→ WHAT THE TASK ASKS:
Below is a listing; repeat exactly the lines from the one containing "Aurora Geometry Pear" to the one containing "Anak-anak Afghanistan memasuki", both included.

→ INPUT MATERIAL:

——

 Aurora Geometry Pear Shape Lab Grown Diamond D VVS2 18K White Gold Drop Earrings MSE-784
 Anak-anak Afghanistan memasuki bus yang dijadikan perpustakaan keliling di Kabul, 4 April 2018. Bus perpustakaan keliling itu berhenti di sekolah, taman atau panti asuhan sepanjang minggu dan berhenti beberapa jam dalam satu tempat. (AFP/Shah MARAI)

——

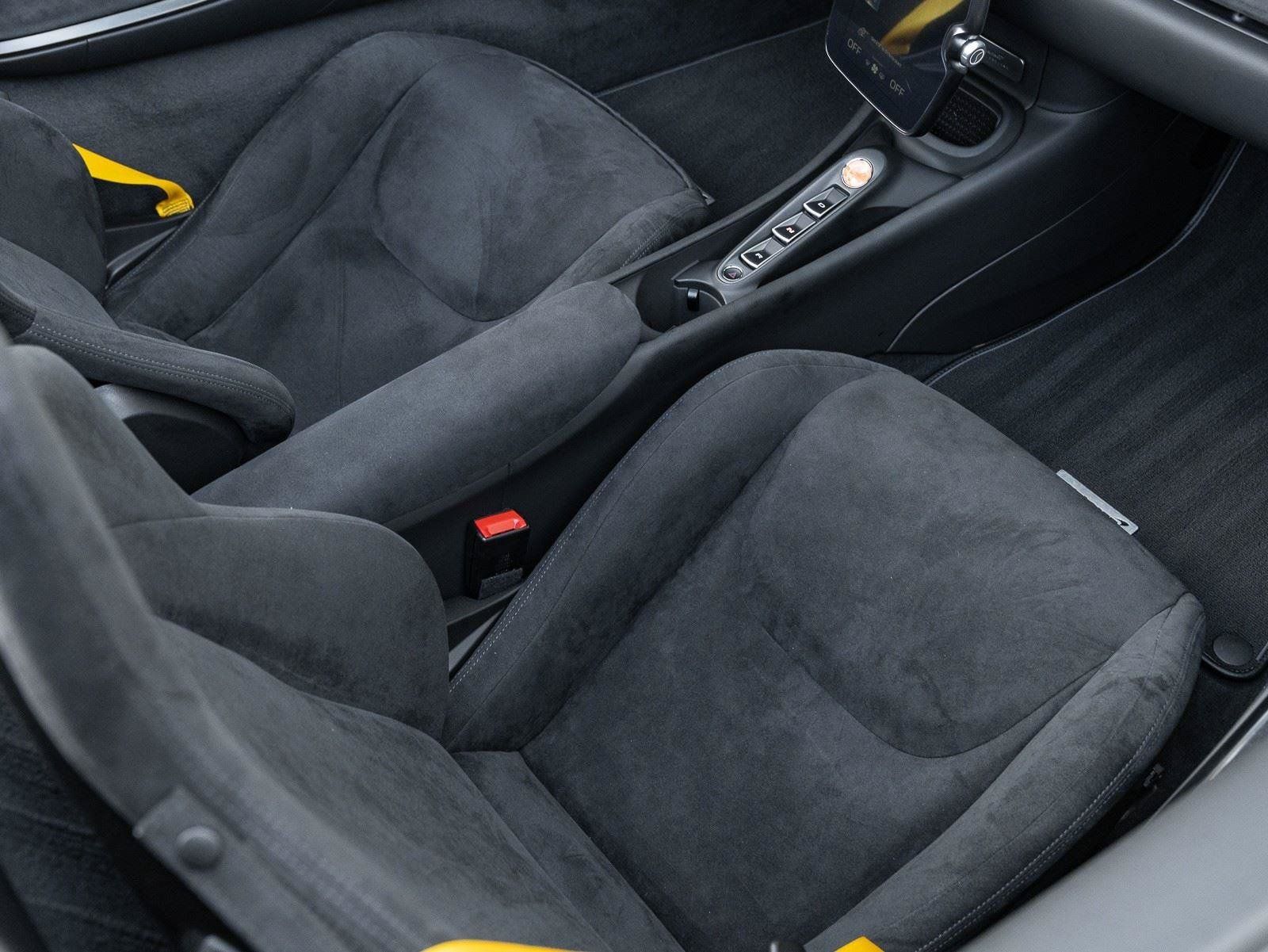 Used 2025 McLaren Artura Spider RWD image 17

——

→ REPLY TO THE EXERCISE:
 Aurora Geometry Pear Shape Lab Grown Diamond D VVS2 18K White Gold Drop Earrings MSE-784
 Anak-anak Afghanistan memasuki bus yang dijadikan perpustakaan keliling di Kabul, 4 April 2018. Bus perpustakaan keliling itu berhenti di sekolah, taman atau panti asuhan sepanjang minggu dan berhenti beberapa jam dalam satu tempat. (AFP/Shah MARAI)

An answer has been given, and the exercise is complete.